Pour raconter cette histoire, Tina Uebel décide de donner la parole aux trois victimes interrogées par, a priori, des policiers. Ainsi aura-t-on alternativement, par relativement courtes séquences, les points de vue de Christoph, Judith et Emma, faisant apparaître petit à petit éléments de concordance mais aussi incohérences des récits et mensonges des uns ou des autres dont il apparait que, pour avoir été libérés physiquement de Frankie ils demeurent encore, à différents degrés, sous sa coupe. Cette approche psychologique est, de loin, la plus intéressante partie du roman. Micro événements, paroles faussement innocentes et contradictions des entretiens font apparaître en filigrane les ressorts de la manipulation mentale et le profond besoin de ces jeunes gâtés mais tôt gagnés par le sentiment de la vacuité de leurs vie de trouver une cause en laquelle croire aveuglément jusqu’à accepter les pires traitements.
Toutefois, si le dispositif formel mis en place par Tina Uebel fonctionne bien au départ, il découvre aussi bien vite ses limites. D’abord parce que les entrevues des protagonistes nous empêchent de vraiment comprendre la manière dont ils sont passés sous la coupe de Frankie, sauf à croire – et c’est difficile –à l’instantanéité de leur basculement. Ce postulat de départ accepté par la force des choses, on se trouve ensuite confronté à une autre faiblesse qui est le caractère très répétitif des entretiens qui, par ailleurs, font ressortir les traits les moins séduisants de personnages, ôtant de fait au lecteur une grande partie de l’empathie qu’il pourrait – ou même devrait – ressentir à leur égard.

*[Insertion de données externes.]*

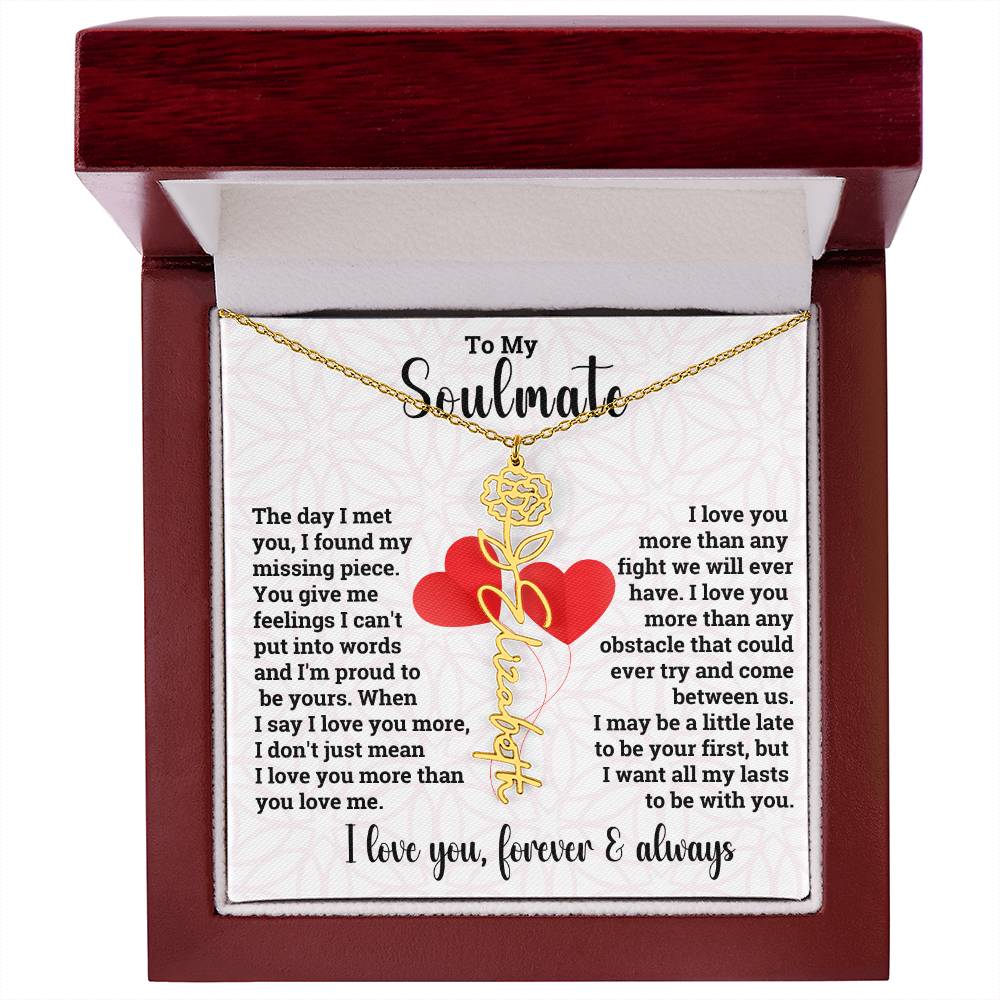 To My Soulmate | Birth Flower Name Necklace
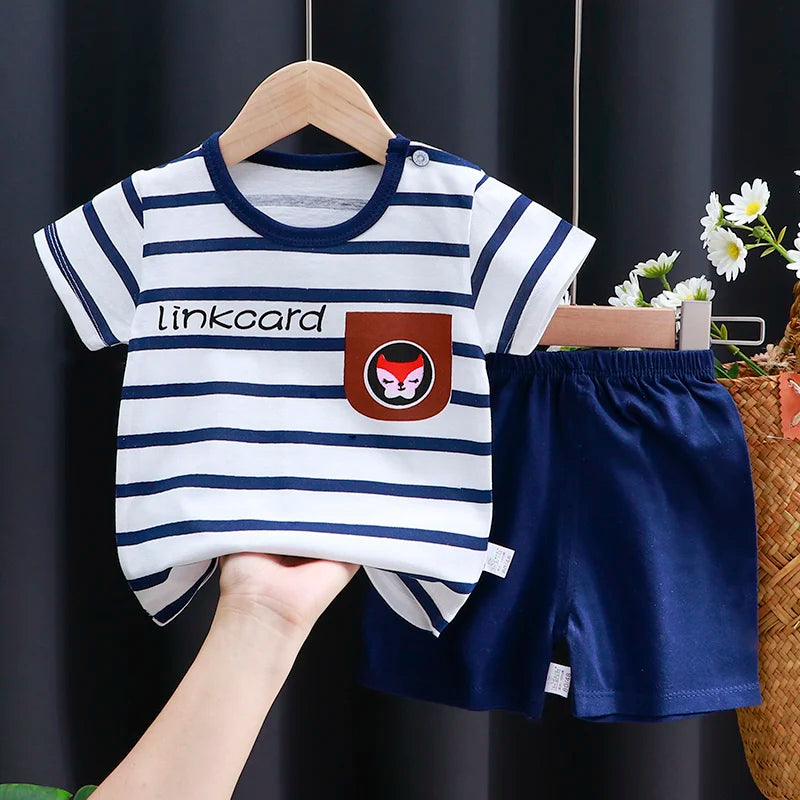 Kinder Kleidung Set Baby Jungen/Mädchen T-Shirt + Shorts Sommer Kleidung Baumwolle Cartoon Casual Jungen Trainingsanzug Kinder Baby Kleidung set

Au final, la bonne idée de départ et l’analyse assez fine des ressorts de la manipulation psychologique (à tout le moins, donc, une fois que les personnages sont passés définitivement sous l’influence de Frankie), perdent de leur intérêt face à l’étirement du texte (quelques 360 pages et des brouettes) et à la litanie des nouvelles planques et des mauvais traitements qui se succèdent et provoquent une juste lassitude du lecteur. Très intéressant sur le fond, La vérité sur Frankie se révèle donc plutôt décevant sur la forme.
Tina Uebel, La vérité sur Frankie (Die Wahrheit über Frankie, 2008), Ombres Noires, 2013. Traduit par Stéphanie Lux.